Justine Vayrac : le village de Beynat en Corrèze sous le choc

Une cellule psychologique a été mise en place ce vendredi matin dans la commune où vivait le jeune ouvrier agricole mis en examen. Dans cette commune où le corps de le jeune femme a été retrouvé, les habitants font face à l'incompréhension et la tristesse.

Ce vendredi matin, une dizaine de personnes avaient déjà franchi la porte de la mairie de Beynat. C'est ici que la cellule psychologique a ouvert ses portes, à la demande du Maire et sur décision de la Préfecture, pour faire face au choc occasionné par la découverte du corps de Justine Vayrac, information confirmée ce jeudi soir par le procureur de la République de Limoges. 
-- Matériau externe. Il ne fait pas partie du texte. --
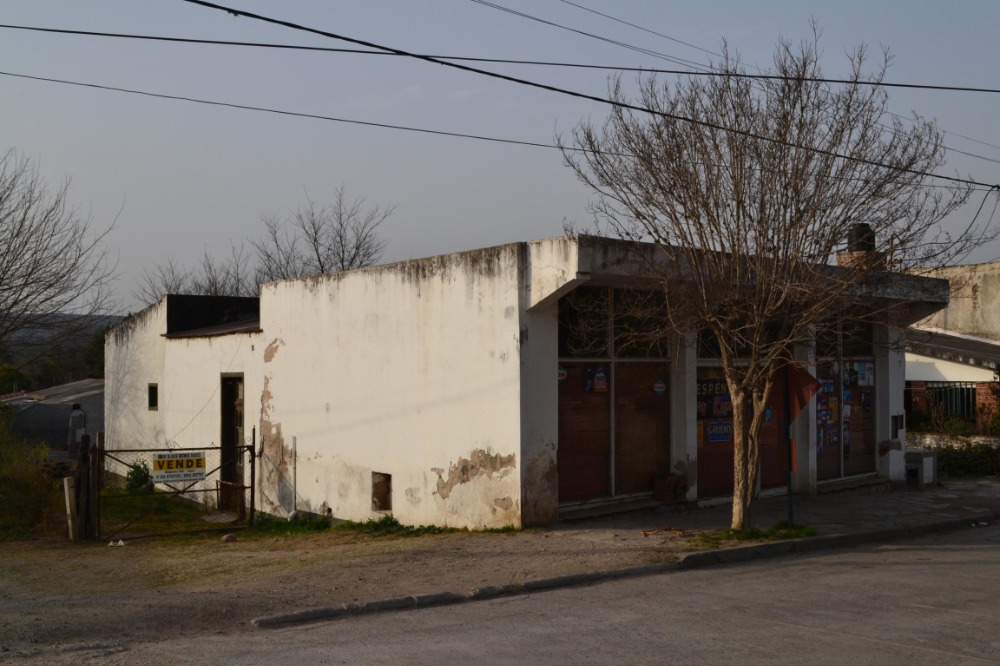 Casa en el centro de Tanti con local comercial.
Dans la petite commune corrézienne, prendre la parole est très difficile, car ici tout le monde connaissait l'auteur présumé des faits. Beaucoup ont confié à notre équipe sur place, hors caméra, vivre un tumulte d'émotions, entre incompréhension et tristesse. 
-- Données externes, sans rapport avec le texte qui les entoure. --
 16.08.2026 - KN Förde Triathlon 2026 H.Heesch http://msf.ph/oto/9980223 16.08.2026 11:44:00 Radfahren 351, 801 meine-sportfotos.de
11 volontaires - infirmiers, psychologues, cadre de santé) du centre hospitalier de Brive et de Tulle accueillent les habitants qui souhaiteraient se confier au sein de cette cellule d'urgence médico-psychologique (CUMP).

Lorsque survient un événement psycho-traumatisant, l’intervention rapide de médecins psychiatres, de psychologues et d’infirmiers préalablement formés et intégrés aux unités d’aide médicale urgente doit garantir une prise en charge immédiate et post-immédiate satisfaisante des victimes et permettre d’éviter l’installation des troubles de stress post-traumatique.

"La CUMP est en générale déclenchée dans le cadre d'accident où il y a plus de 5 victimes ou 5 personnes concernées donc là on est sur quelque chose d'un peu différent... Là, on est à Beynat, où tout le monde se connaît, ou il y a beaucoup d'émotions, parce ce que c'est quelqu'un qui est né dans le village, et ça créé une émotion particulière au niveau du village.

Valérie Asensio, coordinatrice de la cellule psychologique

"Cette tragédie va laisser des traces dans l'esprit de nos concitoyens", évoquait ainsi Jean-Michel Montel, le maire de la commune jeudi soir à l'issue de la mise en examen du jeune habitant de la commune. 

Une évaluation sera faite, à l'issue de cette journée, pour permettre de proposer, en plus de cette prise en charge ponctuelle, des rendez-vous avec des psychologues en cas de demande ou de besoin.